Thus, the digestive system is like a tube 7-8 m in length, which begins by the mouth and ends by the anus.
Pay attention and memorize that the food makes the following way: through the mouth into the oral cavity, then into the oral part of the pharynx, then laryngeal part of the pharynx, then into the oesophagus, then stomach, then small (duodenum, jejunum, ileum) and large (caecum, ascending, transverse, descending, sigmoid colon and rectum) intestine, and through the anus outside (fig. 1).
You should be able to describe each of these organs. For the description we use the following indicative plan:
For the description of the organs it is important to know the right position of the digestive organs in the head and neck (relatively to the respiratory organs); to know the localization of the cervical cavity (which muscles and fasciae surround it); the walls of the thoracic and abdominal cavities (which bones, muscles, and fasciae form each of these walls).

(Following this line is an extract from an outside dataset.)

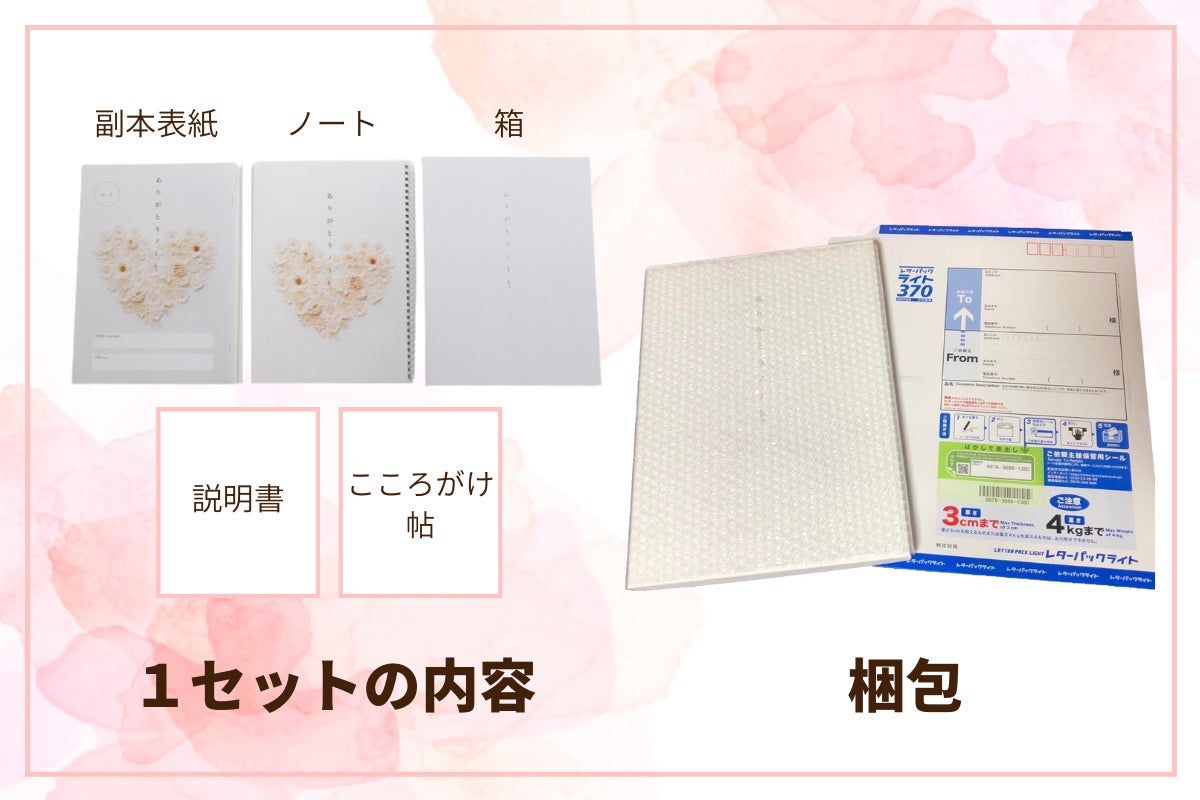 本セットに含まれるものと梱包のイメージ。1セットには、ノート・箱・副本表紙・説明書・こころがけ帖の5点が含まれる。梱包については、箱を梱包材でくるむ。冊数が少ない場合はレターパックで発送される。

Firstly look at this picture (fig. 2). Pay attention to the position of the respiratory organs (nasal cavity, nasal part of the pharynx, larynx, trachea) and the digestive organs (oral cavity, oral part of the pharynx, laryngeal part of the pharynx, oesophagus). You see that the nasopharynx is directly behind the nasal cavity, oropharynx is directly behind the oral cavity, the laryngopharynx is directly behind the larynx, oesophagus is directly behind the trachea. Thus, the organs of the digestive system are behind the organs of the respiratory system.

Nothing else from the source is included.